SUPPLIED DATA -
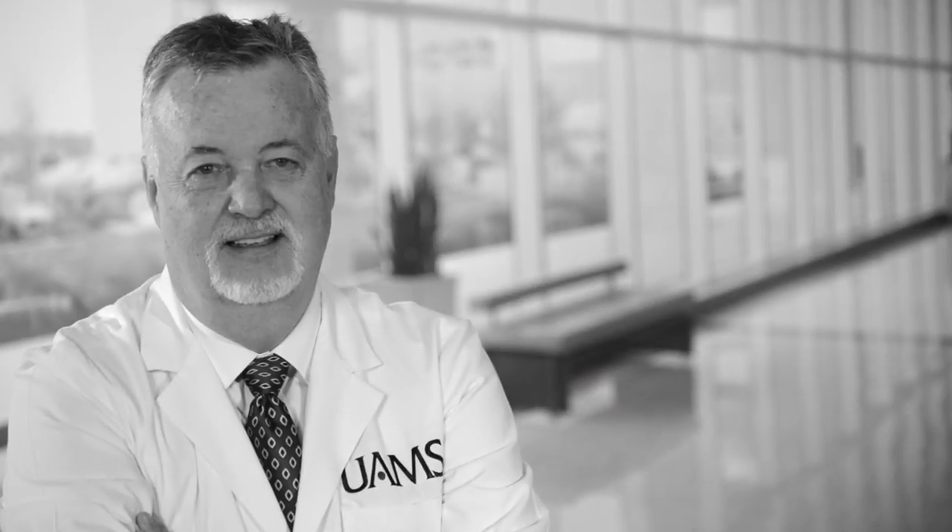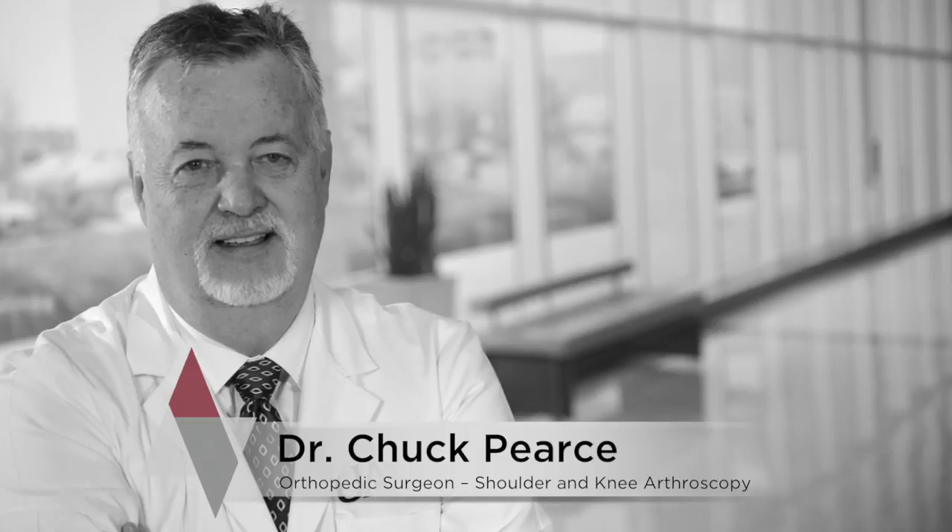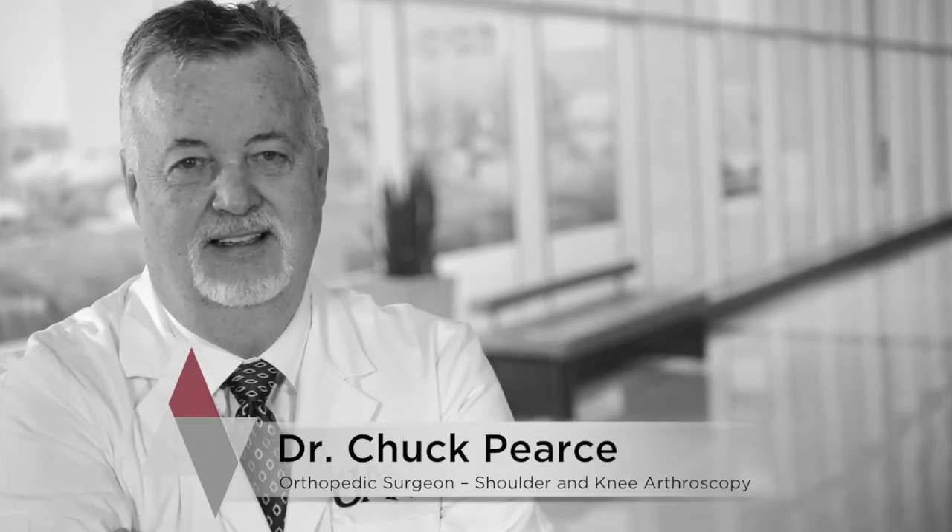I'm Dr. Chuck Pierce. I'm an orthopedic surgeon. I specialize in arthroscopic problems of the shoulder and knee at UAMS.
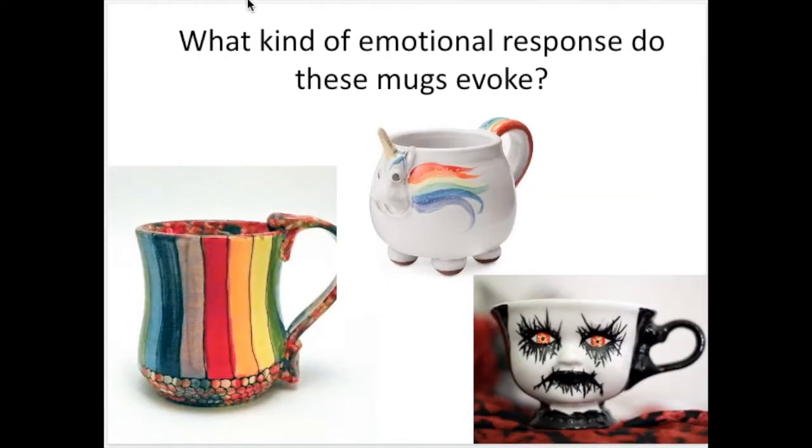So what kind of emotional response do these mugs evoke? For this first one, it's very rainbow colored, happy and bright, with a lot of little details on the bottom on the inside — kind of childlike with all the rainbow going on, and also very happy. This one is kind of whimsical because it's a unicorn, but it's quite a plump unicorn with her little hooves and her little tail coming out. And then this last one is quite scary, kind of a horror theme — definitely very contrasting to these two happy ones.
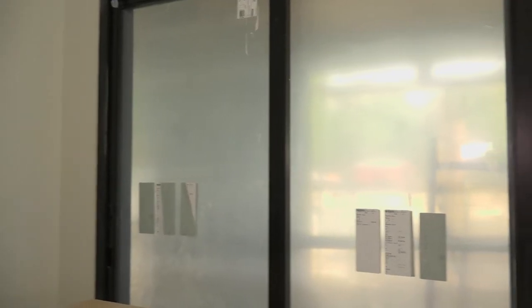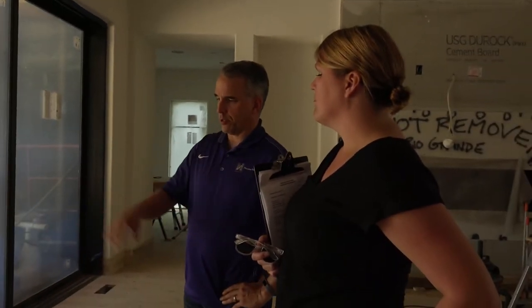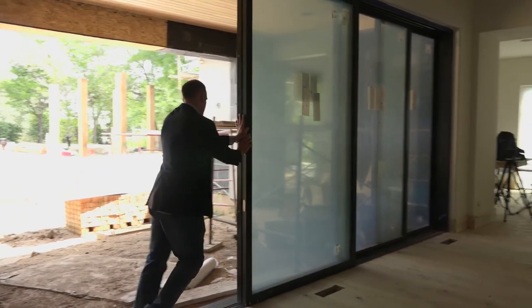We have multi-slide doors in the showroom, so the customer got to see this door. They fell in love with the clean looks, the clean threshold, and of course the prospect of having super efficient glass.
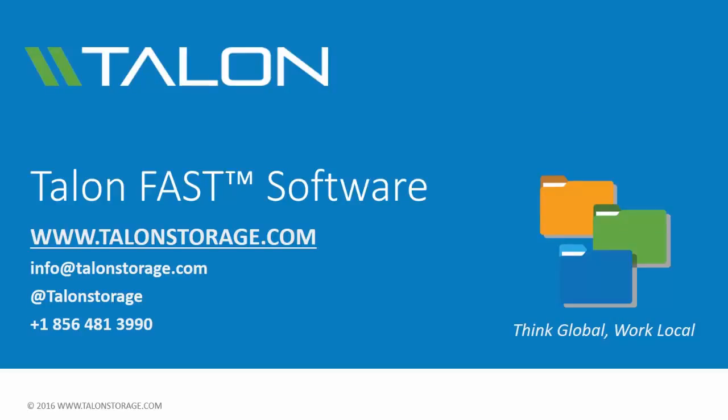If you have any questions about Talon Fast software or how we can help your distributed enterprise, please consult any of the published videos, navigate to our website, or contact us directly at info@talonstorage.com. Thanks for watching and have a great day!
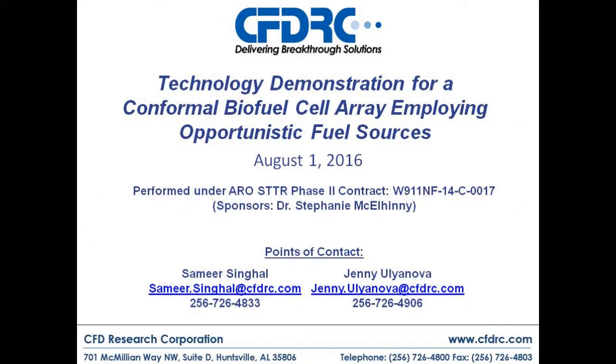A conformal biofuel cell array employing opportunistic fuel sources has been developed and demonstrated. CFDRC would like to thank the Army Research Office and Dr. Stephanie McElheny for their support and guidance throughout this program. Please contact us for additional information. Thank you for watching.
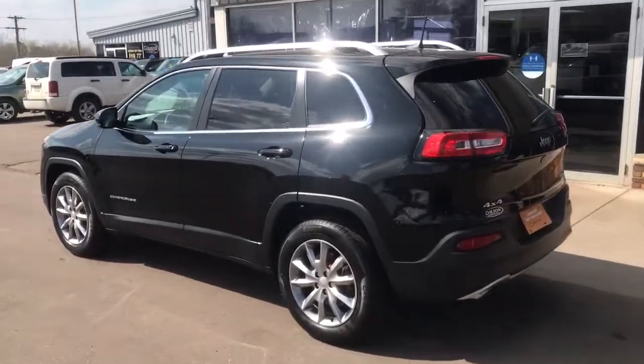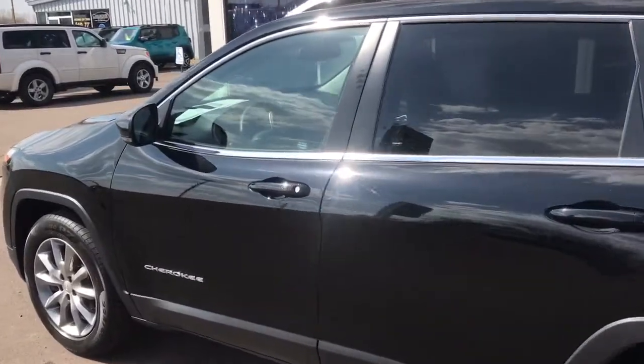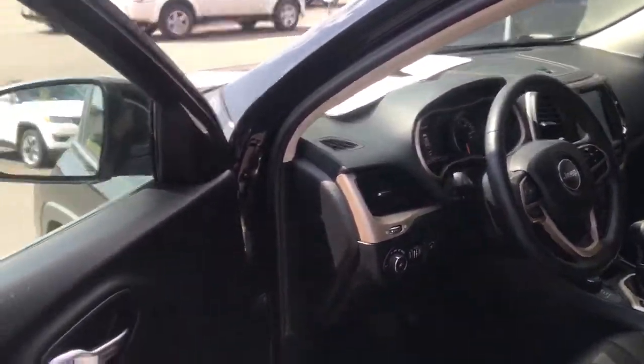Explore your world with confidence in the Cherokee. Its premium features keep you comfortable, while its rugged capability takes you wherever the road, or trail, leads.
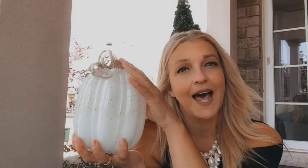How pretty is this pumpkin — it's white and glass with some gold specks on it. I thought how nice it would look with the blues, teals, and greens. I had to pick it up, I just love it.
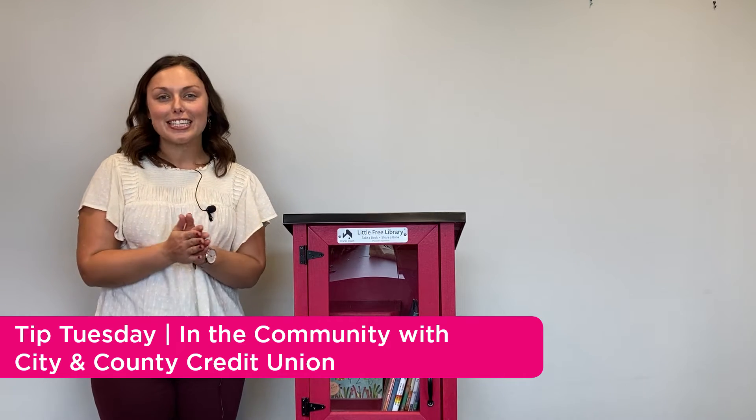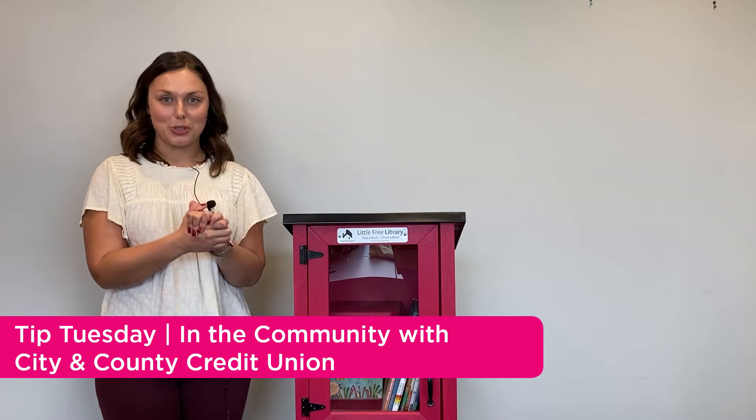Hi everybody, welcome to City and County Credit Union's October Tip Tuesday. Can you believe that it is fall? Fall is my favorite time of year because my favorite activity is sitting out on my porch with a cup of coffee and a good book. That's why today I'm really excited to be talking to Little Free Library about these shelves you've probably seen everywhere in your community. Come with me — I'm going to introduce you to Sharon from Little Free Library.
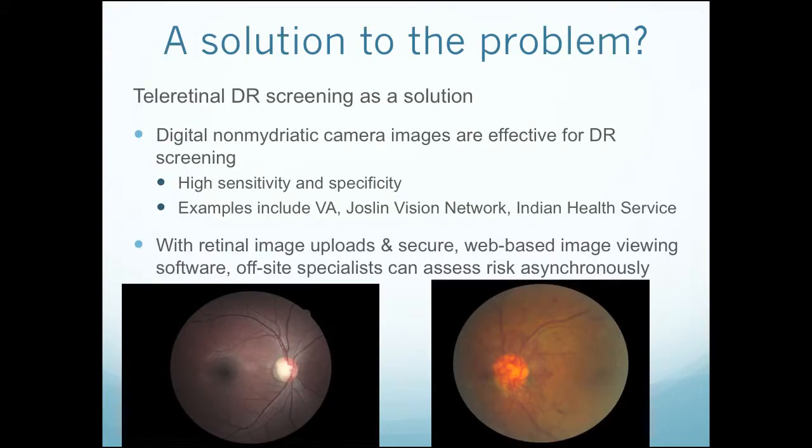A potential solution to this problem is teleretinal diabetic retinopathy screening. We take a digital non-mydriatic camera — a retinal camera — and place it in primary care settings or diabetes clinics. These have been shown to be effective for diabetic retinopathy screening, with very high sensitivity and specificity. For sight-threatening retinopathy it's 100% for both. This has been implemented in other systems to a varying degree — examples are the Veterans Affairs Network, Joslin Vision Network out of Boston, and the Indian Health Services. All of these are vertically integrated systems, so they have less of the referral challenges that we do, and a different pathway than our challenges have been historically within the DHS system.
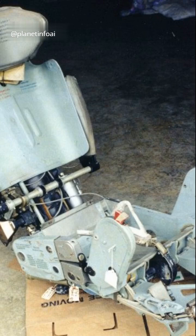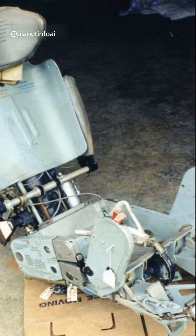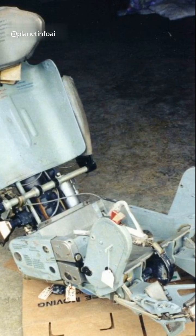Why was this important? Because the canopy acted as a windbreak, shielding the pilot from the high-speed airflow outside — crucial during the initial moments of ejection.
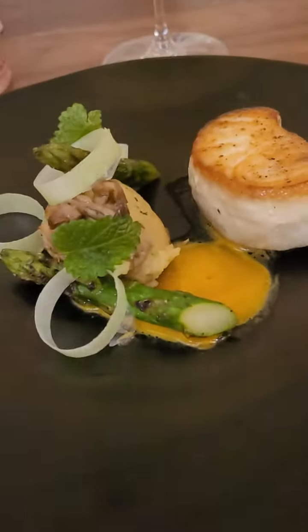It is water poached and finished on the plancha — on the flat top. We poached it with butter, herbs, shallots, and garlic.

AIM OF THE TASK - This task calls for restating, word for word, each line from the line holding "A potential solution" through the end of the material, pictures left out.

PROBLEM SOLUTION -
A potential solution to this problem is teleretinal diabetic retinopathy screening. We take a digital non-mydriatic camera — a retinal camera — and place it in primary care settings or diabetes clinics. These have been shown to be effective for diabetic retinopathy screening, with very high sensitivity and specificity. For sight-threatening retinopathy it's 100% for both. This has been implemented in other systems to a varying degree — examples are the Veterans Affairs Network, Joslin Vision Network out of Boston, and the Indian Health Services. All of these are vertically integrated systems, so they have less of the referral challenges that we do, and a different pathway than our challenges have been historically within the DHS system.
Why was this important? Because the canopy acted as a windbreak, shielding the pilot from the high-speed airflow outside — crucial during the initial moments of ejection.
It is water poached and finished on the plancha — on the flat top. We poached it with butter, herbs, shallots, and garlic.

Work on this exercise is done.